Just a little update. Today the cast and pins were finally removed after screaming like crazy in the doctor’s office my daughter got in the car and exhale: “It was not so bad!” I started to laugh.


----------



## kitchenelf (Jan 18, 2008)

CharlieD said:


> Just a little update. Today the cast and pins were finally removed after screaming like crazy in the doctor’s office my daughter got in the car and exhale: “It was not so bad!” I started to laugh.

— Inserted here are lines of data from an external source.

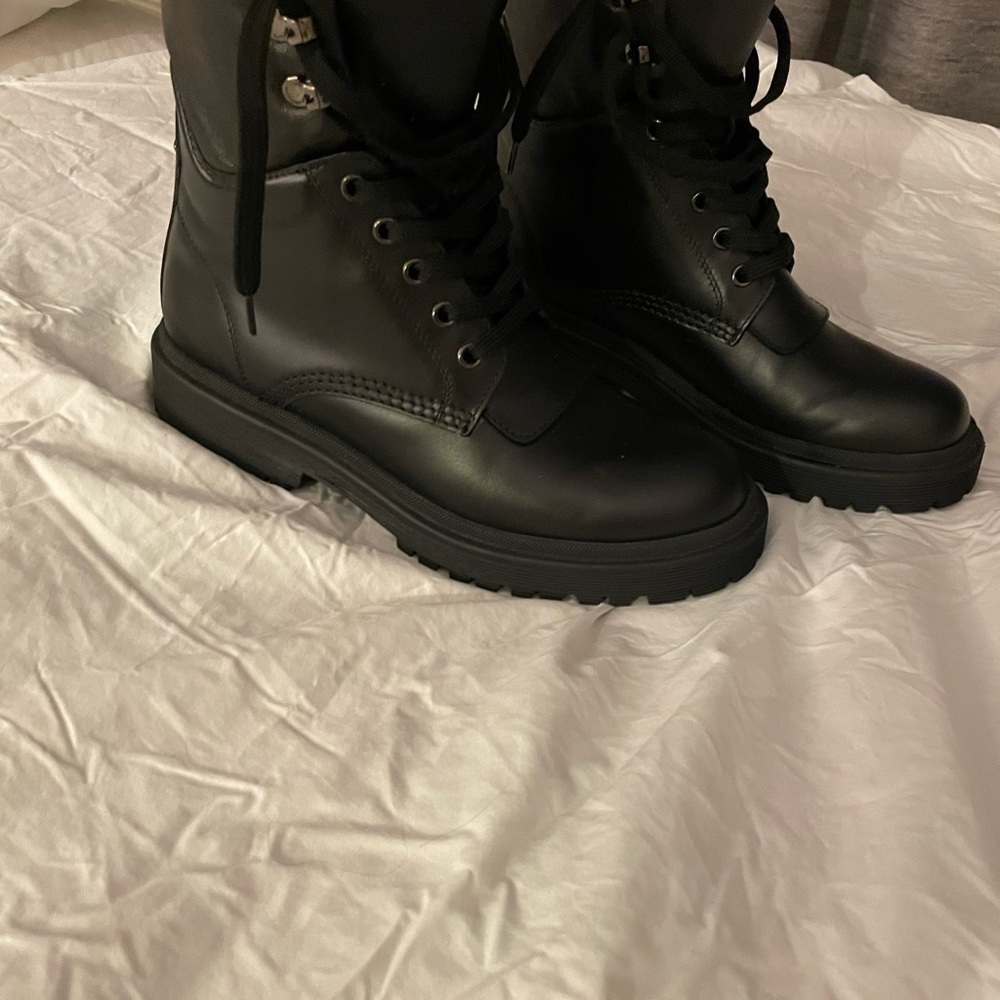 Moncler combat boots 🥾 - Picture 10 of 10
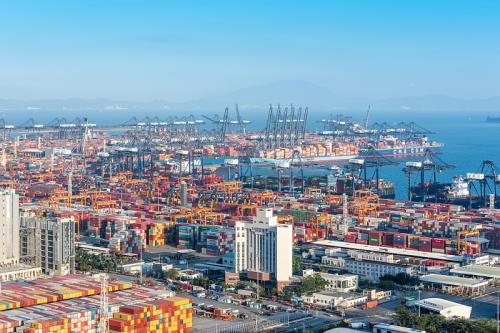 外貿(mào)術(shù)語(yǔ):裝運(yùn)條款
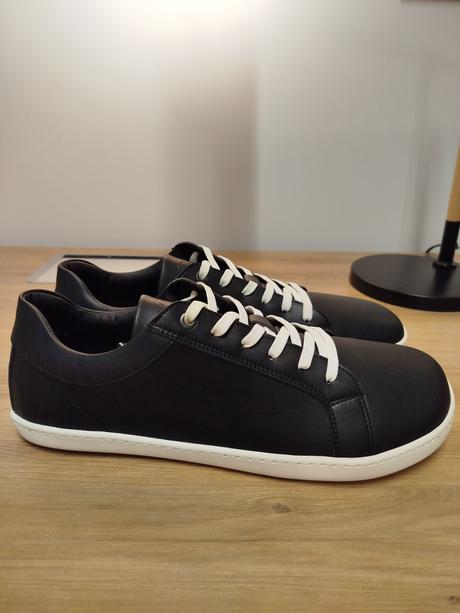 Shapen barefoot tenisky feelin uni black & white, 44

Charlie - I didn't see this before so a VERY belated hug to you!!!!  Having a cast removed can be scary - it's a saw for goodness sake!!!!    Sounds like she is a little trooper!  Glad to hear all ended well.


----------



## Fisher's Mom (Jan 18, 2008)

WooHoo! I'll bet your "baby girl" is glad to have that cast off. Sounds like she did great. How are _you _doing_?_


----------



## CharlieD (Jan 18, 2008)

Fisher's Mom said:


> WooHoo! I'll bet your "baby girl" is glad to have that cast off. Sounds like she did great. How are _you _doing_?_


 
Me is another story, I think I had a hart atack there in the office, it still hurts.


----------



## Fisher's Mom (Jan 18, 2008)

I hear you, Charlie. I ended up taking my son's sutures out and it was nothing for him but I needed the rest of the day to recover!


----------



## ella/TO (Jan 18, 2008)

Bless her heart Charlie.....another hurdle in the bringing up of our kids! Have many healthy, happy times with them.....


----------



## JoAnn L. (Jan 18, 2008)

Charile, I am so glad your daughter is on the mend. I know how you feel about your children. When I had to take one of my sons to the doctors office for a little minor foot surgery, I was the one who fainted. The nurse had to take care of me. I was so embarassed.


----------



## jeninga75 (Jan 18, 2008)

kitchenelf said:


> Charlie - I didn't see this before so a VERY belated hug to you!!!! Having a cast removed can be scary - it's a saw for goodness sake!!!!  Sounds like she is a little trooper! Glad to hear all ended well.


 
It won't cut your skin though. Sometimes it gets a little warm. When I take casts off little ones I show them it won't cut them by turning it on and putting it to the palm of my hand. I took one off a little girl a couple of weeks ago (it was a short leg cast). She was extremely tickleish and the vibration from the saw was tickling her foot. She was laughing so hard I had to have her mom hold her still lol.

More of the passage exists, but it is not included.